**Task objective**
From the material below, return exactly the lines starting at the one that holds "Boxcars Briefkaart" and ending at the one that holds "Snover Common Reverse Holo PAL 010/193 NM". Pictures stay out of the answer.
◆ ◆ ◆ ◆ ◆ ◆ ◆
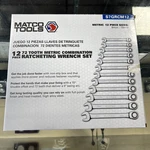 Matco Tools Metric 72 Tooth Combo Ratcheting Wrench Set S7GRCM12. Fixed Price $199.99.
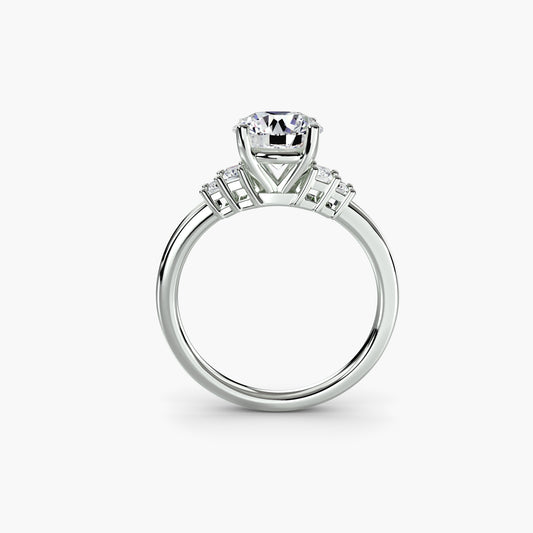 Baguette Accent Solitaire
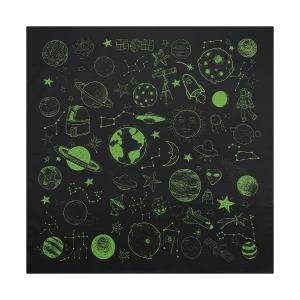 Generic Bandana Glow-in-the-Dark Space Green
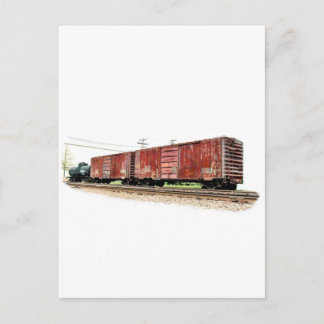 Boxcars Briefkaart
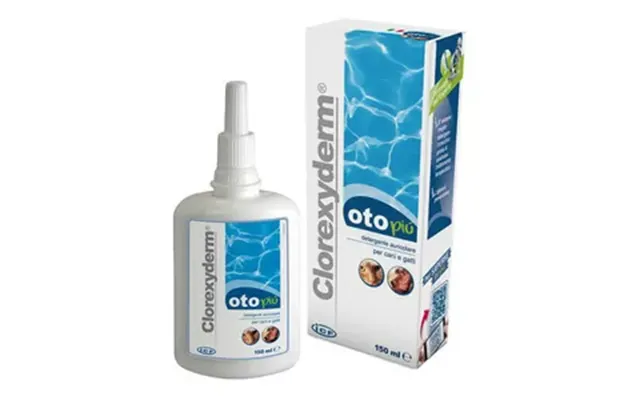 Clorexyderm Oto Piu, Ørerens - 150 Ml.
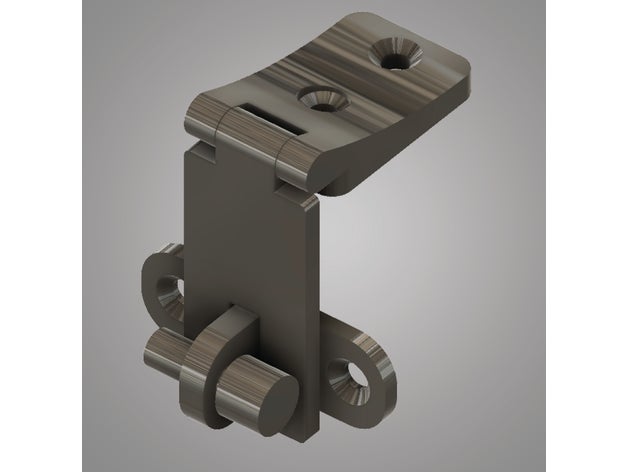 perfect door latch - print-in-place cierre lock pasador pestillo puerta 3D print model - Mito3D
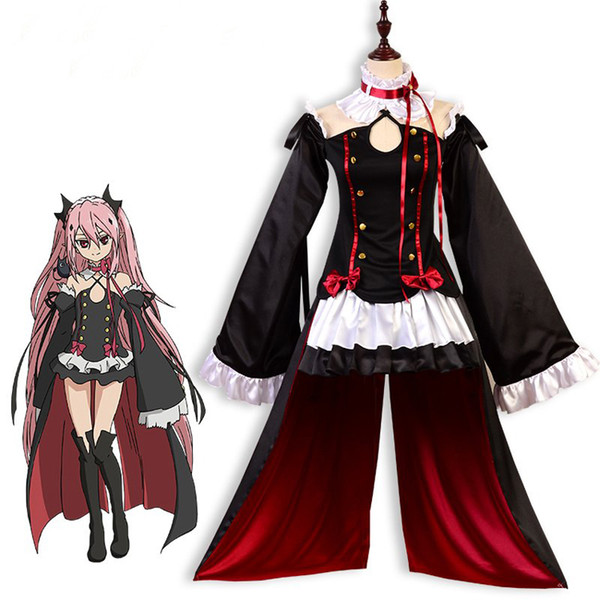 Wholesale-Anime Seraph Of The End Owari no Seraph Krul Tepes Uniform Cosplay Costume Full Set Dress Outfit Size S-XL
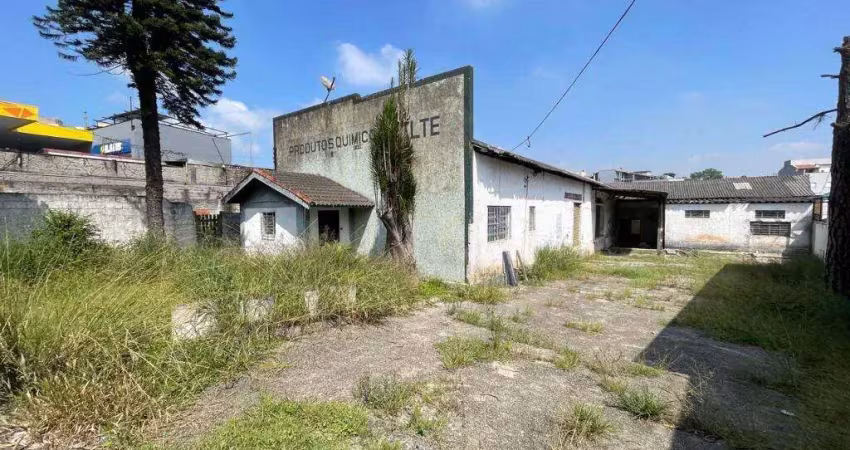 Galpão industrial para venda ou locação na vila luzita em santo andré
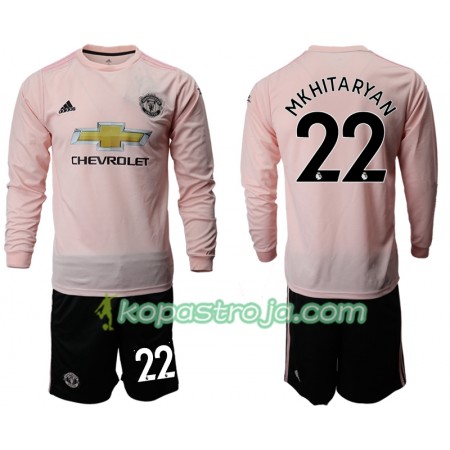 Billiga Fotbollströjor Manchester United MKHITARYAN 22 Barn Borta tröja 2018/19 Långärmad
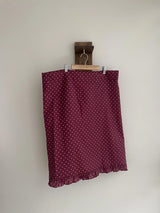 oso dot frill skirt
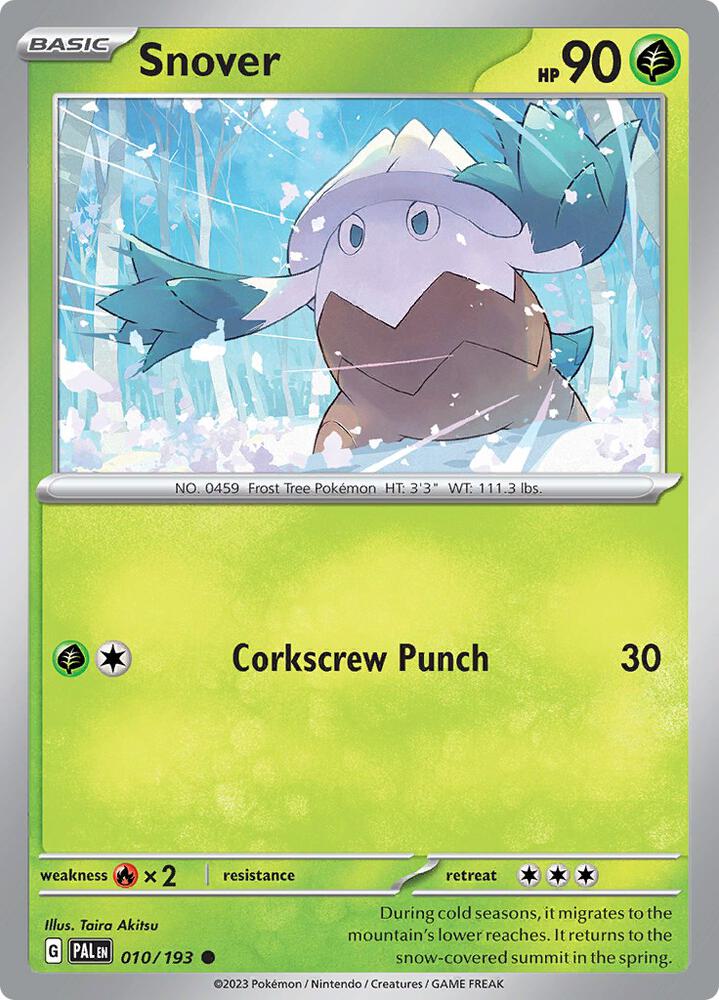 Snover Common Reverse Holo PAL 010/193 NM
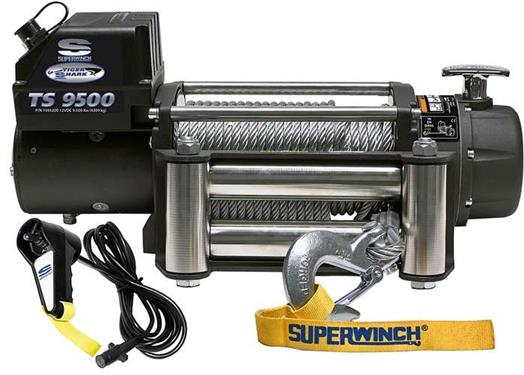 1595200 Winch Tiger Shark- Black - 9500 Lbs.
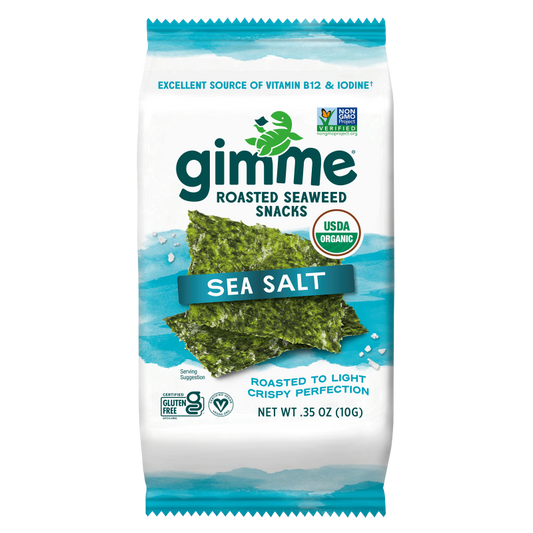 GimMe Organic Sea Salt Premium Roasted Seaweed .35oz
◆ ◆ ◆ ◆ ◆ ◆ ◆
**Written response**
 Boxcars Briefkaart
 Clorexyderm Oto Piu, Ørerens - 150 Ml.
 perfect door latch - print-in-place cierre lock pasador pestillo puerta 3D print model - Mito3D
 Wholesale-Anime Seraph Of The End Owari no Seraph Krul Tepes Uniform Cosplay Costume Full Set Dress Outfit Size S-XL
 Galpão industrial para venda ou locação na vila luzita em santo andré
 Billiga Fotbollströjor Manchester United MKHITARYAN 22 Barn Borta tröja 2018/19 Långärmad
 oso dot frill skirt
 Snover Common Reverse Holo PAL 010/193 NM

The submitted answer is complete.